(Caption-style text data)
⟨

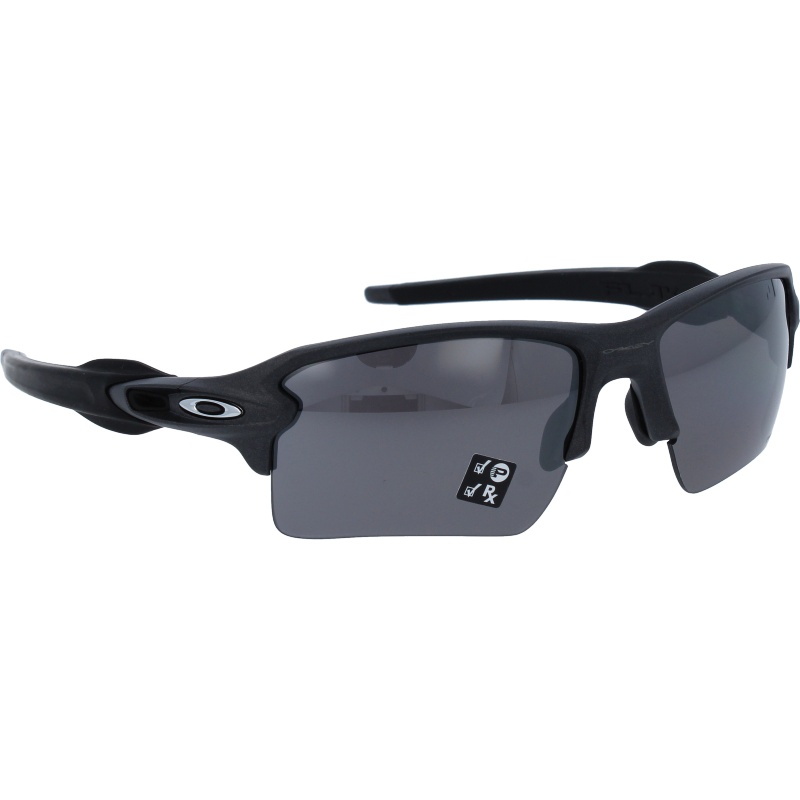 Oakley Flak Jacket  OO9188 F8 59 12 Sunglasses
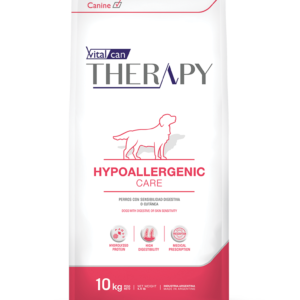 VitalCan Therapy Canine Hypoallergenic C. x 10kg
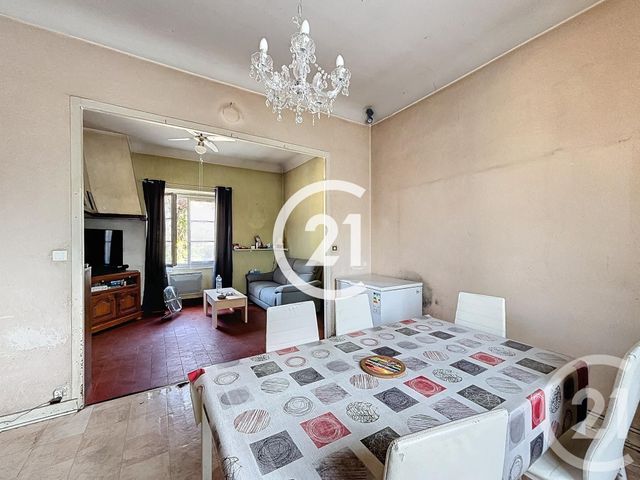 maison à vendre - 6 pièces - 160.0 m2 - REPARSAC - 16 - POITOU-CHARENTES - Century 21 Xso Immobilier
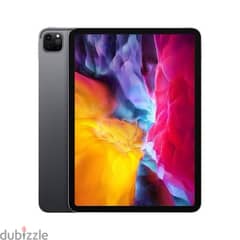 iPad Pro 11  inch 2020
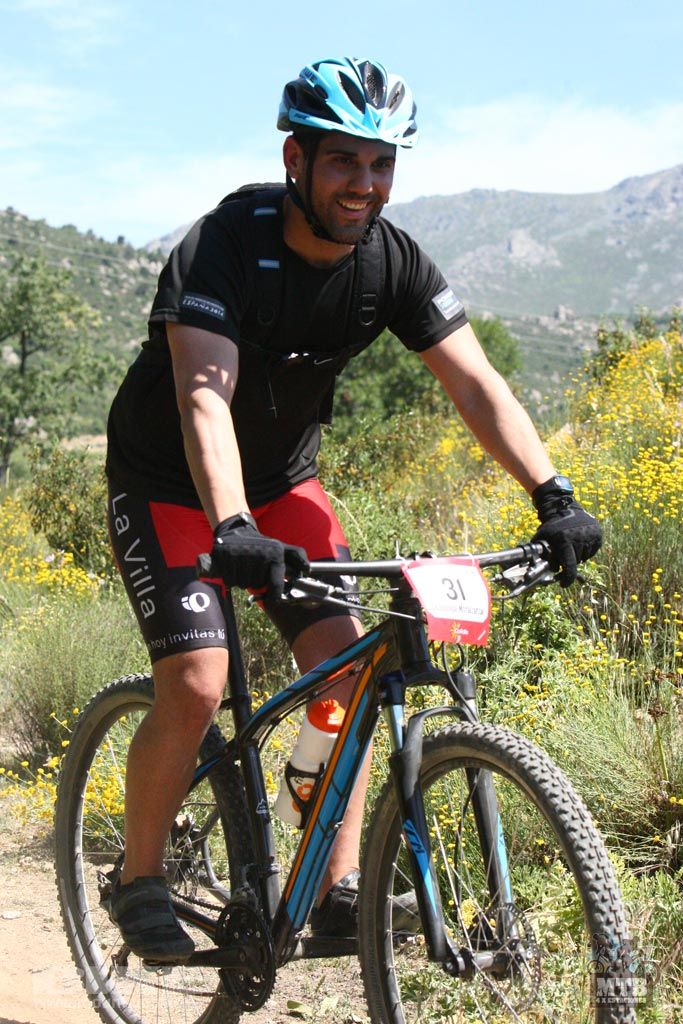 MTB 4 Estaciones La Rocosa 2017. Km 25 Galeria 7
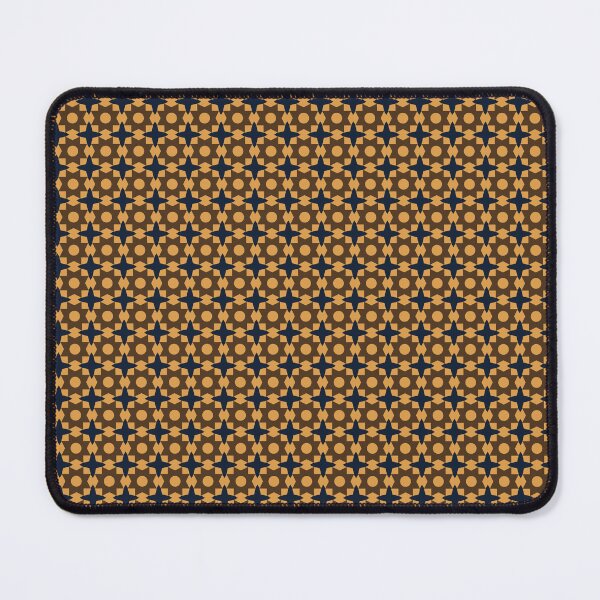 Item preview, Beautiful Rich Pattern on Maastricht Blue designed and sold by ridhiandparidhi.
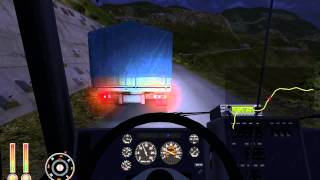 18 Wheels of Steel Extreme Trucker 2 Let's Play ep#34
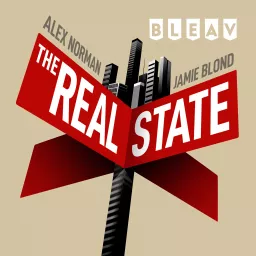 The Real State Podcast artwork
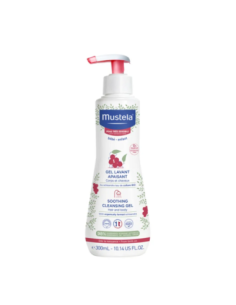 MUSTELA GEL LENITIVO 300 ML FELICITA'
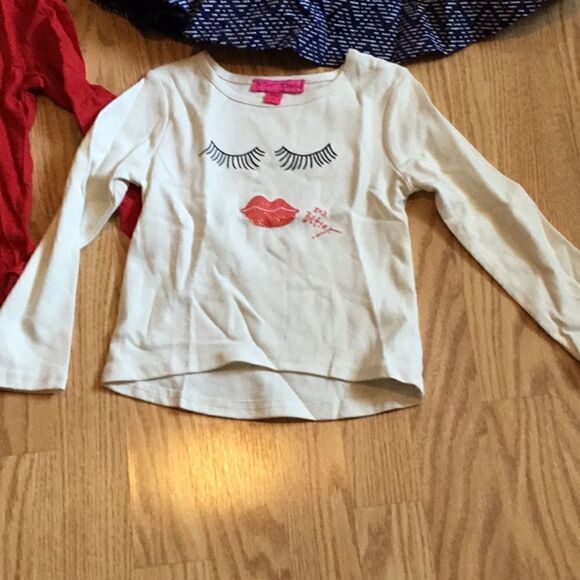 Girls size 4 lot  - Picture 8 of 8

⟩

What the exercise asks → Word-for-word copy, no pictures: write out the entries above in full.

Task solution →
 Oakley Flak Jacket  OO9188 F8 59 12 Sunglasses
 VitalCan Therapy Canine Hypoallergenic C. x 10kg
 maison à vendre - 6 pièces - 160.0 m2 - REPARSAC - 16 - POITOU-CHARENTES - Century 21 Xso Immobilier
 iPad Pro 11  inch 2020
 MTB 4 Estaciones La Rocosa 2017. Km 25 Galeria 7
 Item preview, Beautiful Rich Pattern on Maastricht Blue designed and sold by ridhiandparidhi.
 18 Wheels of Steel Extreme Trucker 2 Let's Play ep#34
 The Real State Podcast artwork
 MUSTELA GEL LENITIVO 300 ML FELICITA'
 Girls size 4 lot  - Picture 8 of 8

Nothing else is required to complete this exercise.